Although avoidance by social withdrawal and inactivity may reduce ongoing pain, particularly in the early recovery phase, the long-term consequence of these behaviors is reinforcement of the belief that avoidance prevents further pain. Such fear-avoidance beliefs are expectations about the consequences of certain actions such as physical activity or work upon pain (31). Avoidance behaviors (e.g., guarding, limping, social withdrawal) may be part of coping with ongoing pain or anticipated increases in pain. However, some of these behaviors may also represent maladaptive ways of coping with concurrent life difficulties. Unpleasant work obligations, aversive household chores, marital strife, and interpersonal difficulties may thus be avoided by the person in pain. Pain behaviors that serve a dual purpose of avoiding not only expected flare-ups in pain, but also other unpleasant life events are at high risk of becoming entrenched because of the multiple sources of negative reinforcement (32).

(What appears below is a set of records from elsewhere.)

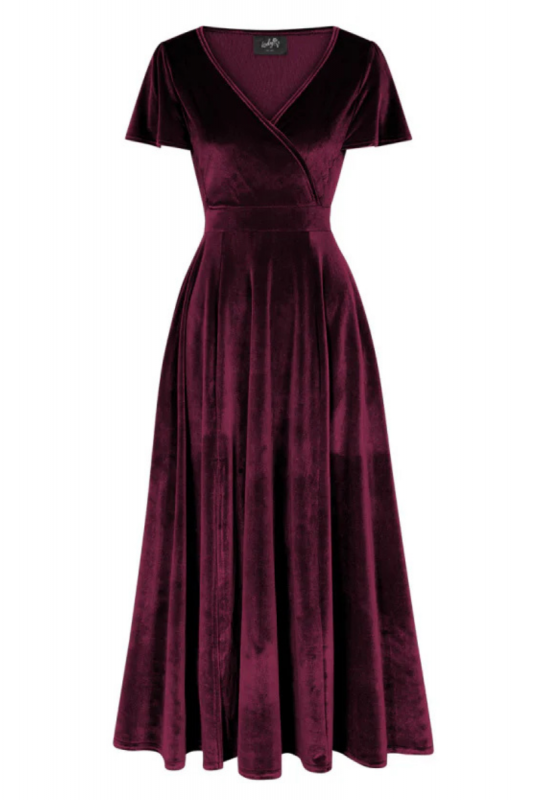 Maxi Dress, LYRA Velvet Burgundy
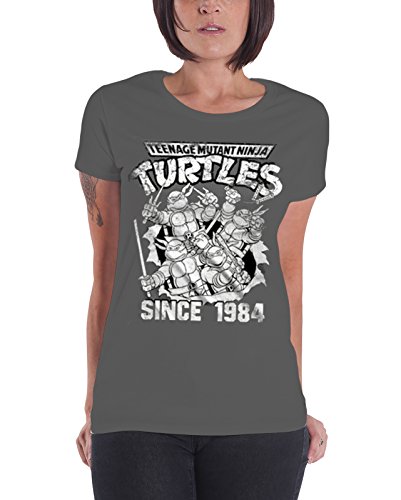 Officially Licensed Merchandise TMNT - Distressed Since 1984 Women T-Shirt (D.Grey), Large von Teenage Mutant Ninja Turtles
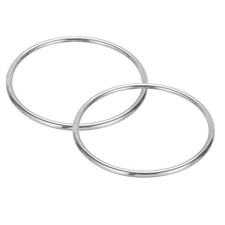 2Pcs 4" Metal O Rings 304 Stainless Steel Smooth Round Rings 5mmx100mm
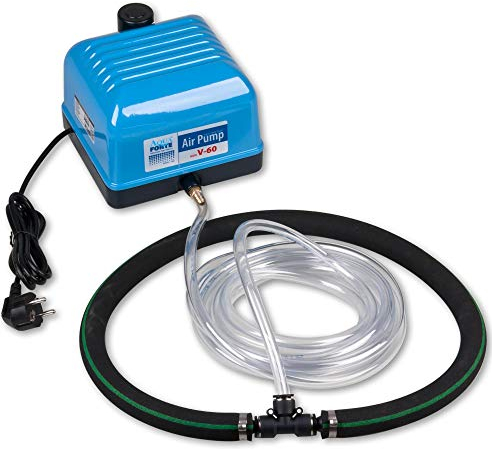 Wagner Green Teichbelüfter-Set V-60 Luftpumpe mit Japan Belüfterring Ø 35 cm zur Sauerstoffanreicherung in Ihrem Koiteich. EIN Profi Teichbelüfter ALA Eisfreihalter im Winter zu verwenden…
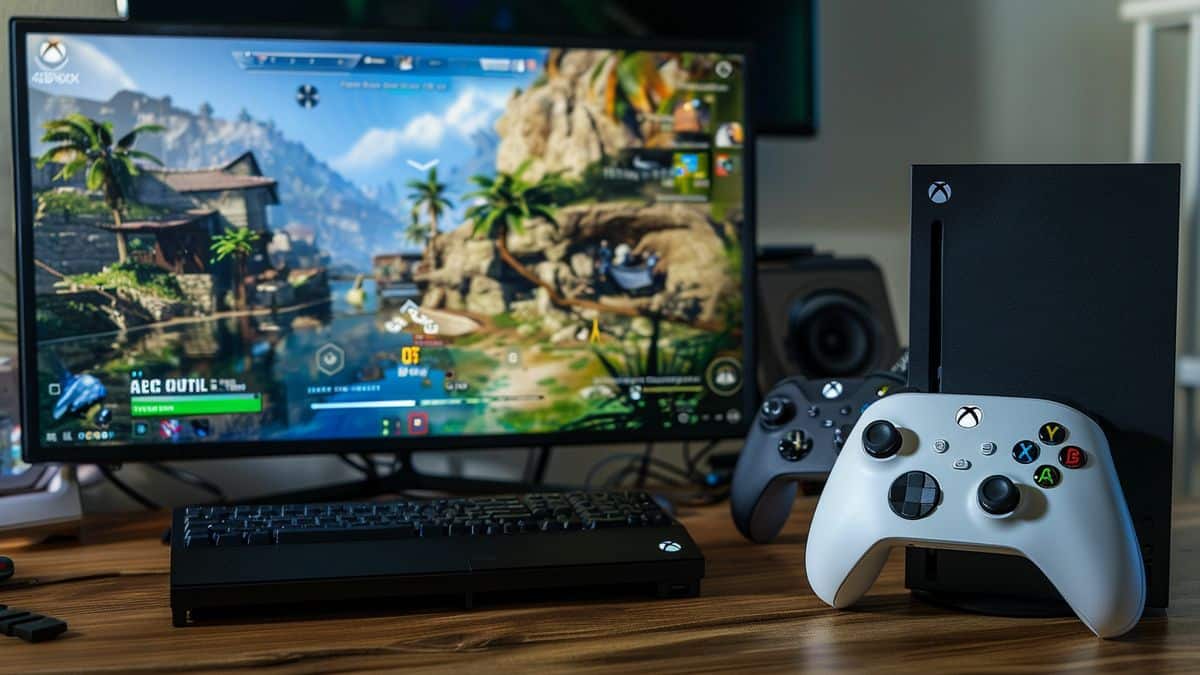 A comparison shot of Xbox exclusive games being played on different platforms.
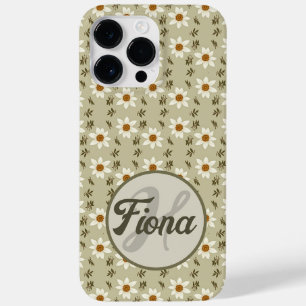 Decoratieve Bloemen In Wit En Beige Gepersonalisee Case-Mate iPhone 14 Pro Max Hoesje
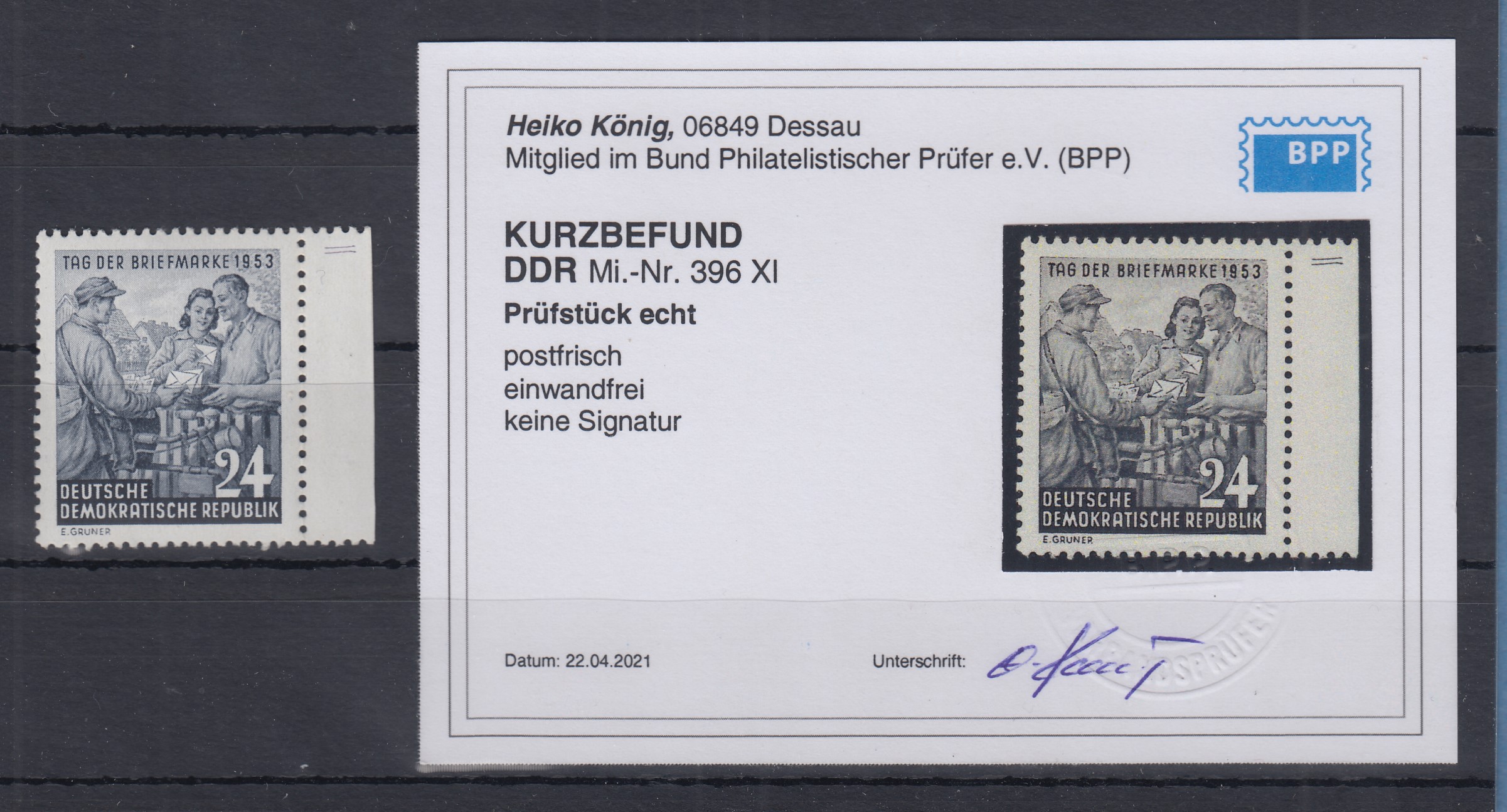 DDR 1953 Tag der Briefmarke Mi.-Nr. 396 XI **, geprüft mit KB König BPP ...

Patients’ fear-avoidance beliefs and negative expectancies about the consequences of activity are meant to reduce anticipated increases in pain through avoidance. Avoidance behaviors tend to increase in frequency as pain becomes chronic, so that pain behaviors and pain intensity become increasingly decoupled (33). This desynchrony sets the stage for reduced self-efficacy beliefs and further avoidance (34). Thus, in attempts to gain control over the pain through avoidant coping, patients report progressively less control over the pain. Self-management programs focused on behavioral exposure and nonavoidance lead to improved self-efficacy and a reduction in preoccupation with pain, because patients acquire increasingly realistic appraisals of the relationship between pain and behavior (34).

Although use of avoidant cognitive coping strategies for pain may be beneficial when pain is acute, long-term use of these strategies is associated with impaired psychosocial functioning, increased pain and disability, and loss of employment. Avoidant coping strategies are adaptive in the early period following an injury because they minimize ongoing pain, reduce the risk of exacerbation through further injury, and thus promote healing. However, once healing has occurred, these strategies are maladaptive because they promote continued isolation, inactivity, and faulty reality testing.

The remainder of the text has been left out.